Частично недоверие к глобальным структурам проистекает от наследственных черт человеческой натуры. Многие полагают, что человек по своей природе крайне эгоистичен и агрессивен и войны являются соответствующим отражением его внутреннего содержания. Если исходить из этой точки зрения, то вымирание человечества как вида практически неизбежно. Поскольку разрушительная сила оружия с учетом современной технологии становится все больше и его эффективность увеличивается, наступит то время, когда человечество просто-напросто уничтожит само себя. Однако такого рода взгляды находятся в остром противоречии с постулатами многих религий, которые гласят, что “человек — величайшая драгоценность, и ее стоимость беспредельна” и что после соответствующей образовательной подготовки эти драгоценности могут увидеть свет и принести немалую пользу человечеству в целом. И не следует считать наивным отрицание религиями того, что люди ведут себя отвратительно по отношению друг к другу. К сожалению, в течение ХХ столетия человечество довело подобные способности до небывалой величины, и, возможно, этот век будут вспоминать как такой этап в процессе эволюции человека, когда подобного рода способность была доведена до ужасающих размеров.14 Это признание того, что “разрушение, война и эксплуатация являлись проявлением незрелости в длительном историческом процессе и что сейчас человеческая раса однозначно испытывает чувство тревоги, что свидетельствует о наступлении этапа зрелости”.15
Другие видят иные препятствия на пути создания глобальных структур. Так, они рассматривают многообразие человеческого рода как непреодолимый барьер на пути углубления международного сотрудничества и реализации инициатив, которые могли бы способствовать образованию глобального института власти. По их мнению, для того, чтобы сконструировать государственную машину, способную управлять на глобальном уровне, индивидууму необходимо обладать целым набором качеств, приемлемых для всех и признаваемых всеми, а этого в настоящее время нет. Но такой подход не принимает во внимание быстрого развития средств связи, происшедшего в ХХ веке, что является трудно оспариваемым свидетельством трансформации мира в глобальное сообщество. Революция в сфере коммуникаций явно сократила расстояния на нашей планете и привела к большему сближению наций. Более того, она заставила человечество подвергнуть сомнению устоявшиеся взгляды на человеческую натуру и якобы его (человечества) неспособность преодолеть первобытную ограниченность, равно как и внесла немалый вклад в рост самоощущения людей как граждан планеты.

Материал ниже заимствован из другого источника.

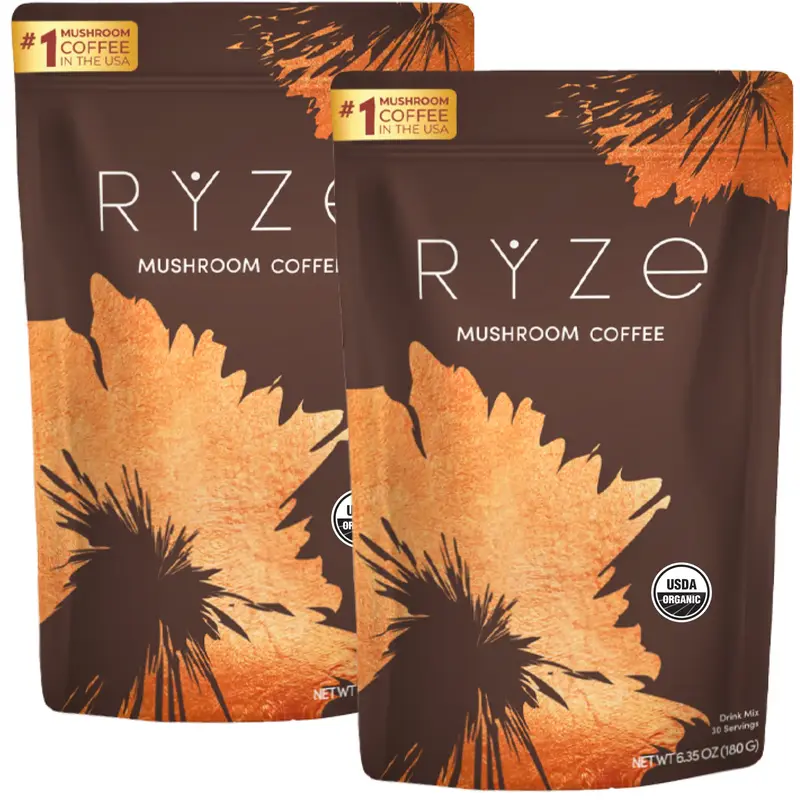 RYZE Mushroom Coffee Starter Kit, USDA Organic Instant Coffee with 6 Adaptogenic Mushrooms and MCT Oil for Better Energy, Foc...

Помимо быстрого развития средств связи существуют и другие всеми признаваемые факторы, способные помочь преодолению различного рода барьеров. Действительно, многие рассматривают Декларацию прав человека как своего рода широкомасштабный консенсус части международного сообщества по фундаментальным общечеловеческим ценностям. В различных статьях Декларации такой концептуально важный параметр, как воля людей, рассматривается в качестве основы для функционирования правительств и, соответственно, для периодического выяснения легитимности правительств посредством выборов (Статья 21). Должны быть обеспечены законодательные гарантии безопасности граждан и равной защиты для всех (Статья 7); полноценный доступ к информации, свобода образования ассоциаций и волеизъявления (Статья 19); право собственности (Статья 17); право на такой уровень жизни, который достаточен для поддержания здоровья и благополучия индивидуума и его семьи на необходимой отметке (Статья 25).16
В любом случае существование международных институтов или Всемирного правительства вовсе не означает стандартизации ценностей. Главное, чтобы был обозначен определенный круг человеческих ценностей, признаваемых всеми нациями и являющихся субъектом действия международных отношений, например, экологическая стабильность. А уже сверх того вполне могут существовать самые различные конкретные институциональные структуры. Например, различные религии и учения, равно как традиции и обычаи.
Создание наднациональных структур предполагает потерю суверенитета в определенных сферах. Но, с другой стороны, готовность передать часть полномочий наднациональным институтам (как это было в случае с Европейским Союзом) уже сама по себе является целенаправленным действием в сфере национальной суверенности. Так, когда в 1994 году граждане Австрии, Финляндии и Швеции приняли участие в национальных референдумах в своих странах и одобрили решения правительств о вступлении в Европейский Союз, то тем самым была передана часть суверенитета в ключевых областях, находившихся ранее в ведении национальных правительств. Это было сделано по той причине, что власти осознавали, что признание существования общих интересов и преимущества от более тесного сотрудничества перевешивают потери от утраты некоей части суверенности.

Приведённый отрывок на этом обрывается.